So if you see a man in a suit sitting alone in Shokola Lite drinking an avocado shake and scowling at people it's probably best not to approach him.

Shokola Lite: Kacyiru, in the ugly building (no not that ugly building, the other one) opposite Top Tower hotel. Just follow the stench of privilege.

****

A night in Kigali.
One white man is attempting to sing like Ian Curtis. I have to get some air.

Two young Rwandese guitarists perform a short set of Kinyarwanda songs. A white man pats one of them on the head at the end.

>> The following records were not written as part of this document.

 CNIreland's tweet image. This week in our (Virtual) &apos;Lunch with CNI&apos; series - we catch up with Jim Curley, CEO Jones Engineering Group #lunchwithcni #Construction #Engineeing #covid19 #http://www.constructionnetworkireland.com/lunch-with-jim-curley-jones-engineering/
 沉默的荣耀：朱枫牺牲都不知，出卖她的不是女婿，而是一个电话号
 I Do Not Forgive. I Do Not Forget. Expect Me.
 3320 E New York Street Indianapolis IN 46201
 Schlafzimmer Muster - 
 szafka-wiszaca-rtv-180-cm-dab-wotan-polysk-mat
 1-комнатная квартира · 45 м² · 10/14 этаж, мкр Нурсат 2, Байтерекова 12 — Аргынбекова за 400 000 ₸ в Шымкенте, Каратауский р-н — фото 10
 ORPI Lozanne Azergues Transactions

Three thuggish looking South Africans wearing matching shorts and work boots lurch around drunkenly, tugging at elbows and breathing hot, boozy breath into offended faces. They look like a shit boy band. They look like they're having fun.

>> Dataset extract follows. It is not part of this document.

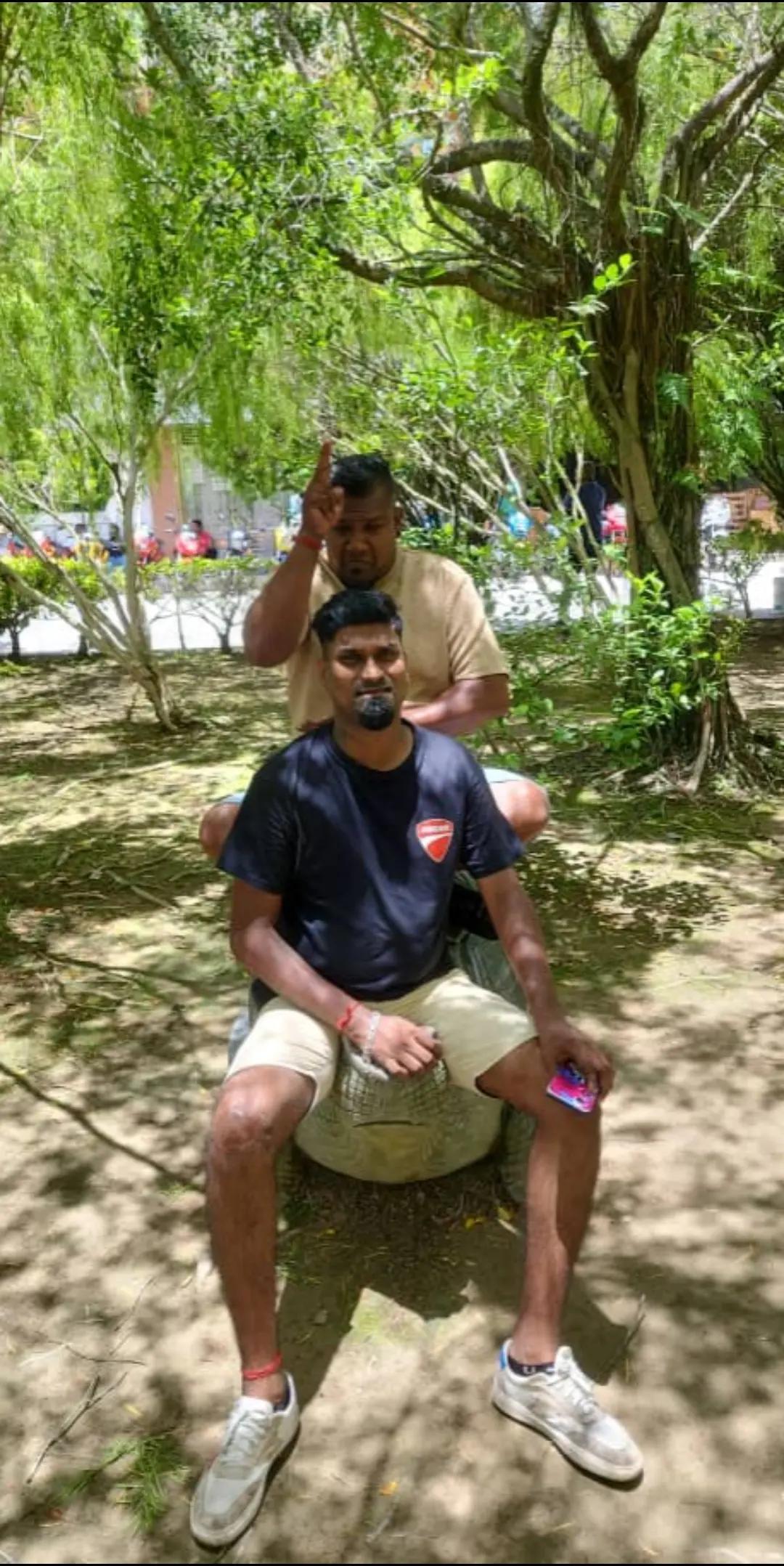 @Arjun@💚❤️2707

Four asymmetrically-haired young men with matching red-checked shirts stand together self-consciously, narrow shoulder to narrow shoulder, eyeing the South Africans with disgust and suspicion. They look like a shit boy band. They don't look like they're having much fun.

The Coach looks at me from under his baseball hat: "This is very strange".

****

Lebanese Resto and Bar


Sometimes you arrive at a place and you know, as soon as you cross the threshold that you're going to like it.

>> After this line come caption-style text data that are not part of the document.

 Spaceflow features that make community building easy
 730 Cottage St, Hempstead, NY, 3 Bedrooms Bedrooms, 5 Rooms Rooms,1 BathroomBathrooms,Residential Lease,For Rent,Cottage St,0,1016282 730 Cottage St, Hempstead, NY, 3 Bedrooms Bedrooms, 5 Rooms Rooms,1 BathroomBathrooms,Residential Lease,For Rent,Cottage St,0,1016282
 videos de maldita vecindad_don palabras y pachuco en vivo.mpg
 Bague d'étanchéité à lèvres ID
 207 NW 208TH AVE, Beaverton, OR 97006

So it is with Lebanese Resto and Bar, which is a Lebanese restaurant and bar.

Aside from being located adjacent to a petrol station, it ticks all the boxes: not too brightly lit, decently stocked bar. There are some gentlemen talking with good humour at the bar, perky waiters, couples, Lebanese folk.

You get the feeling that this is the sort of place where you could sit with a good friend, undisturbed, and conversation would flow and riff away like Mark Knopfler. It's unpretentious and calm.

OK, OK, the humous is clearly out of a tin, and the menu hardly does Lebanese cuisine any justice, but I've never been to another restaurant which so evocatively conjures up the aura of hiding in a little shed at the bottom of your garden listening to a BBC world Service program about owl noises while smoking a pipe.

Lebanese Resto and Bar: in the petrol station by Frulep, Gikondo.